Thursday, October 13, 2011

The healthy and tolerant world

(This was something I wrote in July 2003.) 

A news item that caught the eye recently was the proposed tax in New Zealand on rectal emissions of farm animals, creatively labelled the Fart Tax. Apparent such end-of-pipe emissions contribute greenhouse gases and thus to global warming.

On the other end of the globe, at least as we view the earth as flat on our maps, an obesity tax is being proposed. Fat people are a great burden to the economy besides creating a lot of unhappiness around.

Ventilating animals and fat people can now join smokers as communities that are offending civilization today. While we are on a witchhunt, lets tally up some other criminal groups that are creating untold misery to human health and the environment.

The ugly – represent one such group. People with physical disfigurement or are just plain ugly frighten children, create panic in the minds of teenagers and cause considerable economic and psychological damage to society. Economic damage in that ugly people develop psychological problems or indulge in substance abuse or as the ads say on Indian television, families find it harder to marry their darker “ugly” daughters.

In fact, since these are issues that have considerable long term impact on civilization, we must fund some programmes through the United Nations Environmental Programme – lets call the UN PFAF (Programme Against Fat and Flatulence). International studies could be commissioned on consumption of items that create fat and flatulence – chocolate, onions and some such items will definitely be on top of the list.

Given vast differences in consumption baskets of developed and developing countries, obesity is a greater problem in rich countries.

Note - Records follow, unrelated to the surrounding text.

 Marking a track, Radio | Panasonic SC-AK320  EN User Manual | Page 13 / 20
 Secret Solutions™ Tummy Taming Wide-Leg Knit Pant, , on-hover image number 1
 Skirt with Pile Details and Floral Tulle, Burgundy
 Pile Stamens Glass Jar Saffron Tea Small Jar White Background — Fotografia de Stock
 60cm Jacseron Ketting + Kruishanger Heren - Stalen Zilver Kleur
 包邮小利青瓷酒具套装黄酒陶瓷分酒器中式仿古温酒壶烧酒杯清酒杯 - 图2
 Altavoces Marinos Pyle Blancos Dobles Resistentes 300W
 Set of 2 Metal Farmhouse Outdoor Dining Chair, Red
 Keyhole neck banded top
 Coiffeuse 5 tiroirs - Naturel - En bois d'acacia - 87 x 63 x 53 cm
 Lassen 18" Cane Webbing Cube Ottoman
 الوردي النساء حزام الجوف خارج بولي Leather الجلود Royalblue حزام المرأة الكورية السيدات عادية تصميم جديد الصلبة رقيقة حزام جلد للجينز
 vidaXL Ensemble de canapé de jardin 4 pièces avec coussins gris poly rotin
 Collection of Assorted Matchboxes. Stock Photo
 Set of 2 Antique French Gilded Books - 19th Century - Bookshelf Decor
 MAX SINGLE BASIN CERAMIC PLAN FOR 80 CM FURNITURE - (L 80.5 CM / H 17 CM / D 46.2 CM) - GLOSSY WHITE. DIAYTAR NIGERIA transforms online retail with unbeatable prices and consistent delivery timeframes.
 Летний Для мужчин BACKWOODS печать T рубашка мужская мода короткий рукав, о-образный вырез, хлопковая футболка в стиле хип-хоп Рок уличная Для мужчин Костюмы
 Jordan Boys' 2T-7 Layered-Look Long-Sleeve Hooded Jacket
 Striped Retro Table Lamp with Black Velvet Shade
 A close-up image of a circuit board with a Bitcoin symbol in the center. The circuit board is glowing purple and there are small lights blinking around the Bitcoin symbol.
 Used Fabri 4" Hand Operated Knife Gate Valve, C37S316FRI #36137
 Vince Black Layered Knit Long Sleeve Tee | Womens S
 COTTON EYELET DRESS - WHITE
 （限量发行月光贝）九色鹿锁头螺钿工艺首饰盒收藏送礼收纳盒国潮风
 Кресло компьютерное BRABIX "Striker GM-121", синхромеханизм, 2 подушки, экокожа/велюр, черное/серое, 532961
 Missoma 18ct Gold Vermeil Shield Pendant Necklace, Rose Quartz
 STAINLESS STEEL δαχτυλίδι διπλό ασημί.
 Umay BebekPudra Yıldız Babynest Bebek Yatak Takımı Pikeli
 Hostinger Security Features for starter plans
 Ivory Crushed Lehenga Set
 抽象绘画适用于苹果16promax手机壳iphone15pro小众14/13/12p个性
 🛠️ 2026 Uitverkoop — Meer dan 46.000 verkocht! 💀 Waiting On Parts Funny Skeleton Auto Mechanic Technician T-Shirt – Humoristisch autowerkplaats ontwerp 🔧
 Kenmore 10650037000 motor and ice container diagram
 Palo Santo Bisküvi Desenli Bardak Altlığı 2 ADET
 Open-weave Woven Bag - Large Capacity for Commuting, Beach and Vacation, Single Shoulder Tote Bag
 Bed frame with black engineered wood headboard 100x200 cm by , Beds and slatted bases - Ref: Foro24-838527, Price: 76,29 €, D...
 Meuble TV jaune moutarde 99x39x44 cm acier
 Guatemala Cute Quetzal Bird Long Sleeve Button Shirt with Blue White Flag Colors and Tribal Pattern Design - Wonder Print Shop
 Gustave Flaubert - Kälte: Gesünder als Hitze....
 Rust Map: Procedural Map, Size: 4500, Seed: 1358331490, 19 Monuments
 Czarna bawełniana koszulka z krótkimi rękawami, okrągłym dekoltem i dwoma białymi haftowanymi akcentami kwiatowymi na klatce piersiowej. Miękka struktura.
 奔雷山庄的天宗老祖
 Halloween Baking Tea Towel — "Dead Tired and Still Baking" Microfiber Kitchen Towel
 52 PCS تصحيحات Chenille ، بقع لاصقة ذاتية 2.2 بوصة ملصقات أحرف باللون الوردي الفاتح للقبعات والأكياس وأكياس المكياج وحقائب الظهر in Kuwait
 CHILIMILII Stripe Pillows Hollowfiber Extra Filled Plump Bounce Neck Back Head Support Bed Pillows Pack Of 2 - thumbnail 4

We could envisage a global trading mechanisms to reduce obesity or atleast restrict it – the net fat around the world does not increase. Undernourished and starving people in developing countries would overnight become possessors of rights (since they don’t eat much anyway and are thin) they can sell to fat people in the United States, who can then exceed their regulated quotas of food. The income from such sale of rights can be used by the poor for several purposes including food.

The flatulence issue will be more complicated. But we can commission studies by leading scientific institutions to evaluate levels present, key causes and develop a hit list of banned products.  Such studies could also recommend phasing out of farm animals that are gross violators of mandated emission levels.

At least, one more UN secretariat, several regional bodies, large sums of funds to research institutions and civil society organizations, could be the end result of such an effort. International media will, of course, cover such events with great gusto. Its an economic win-win for several organizations.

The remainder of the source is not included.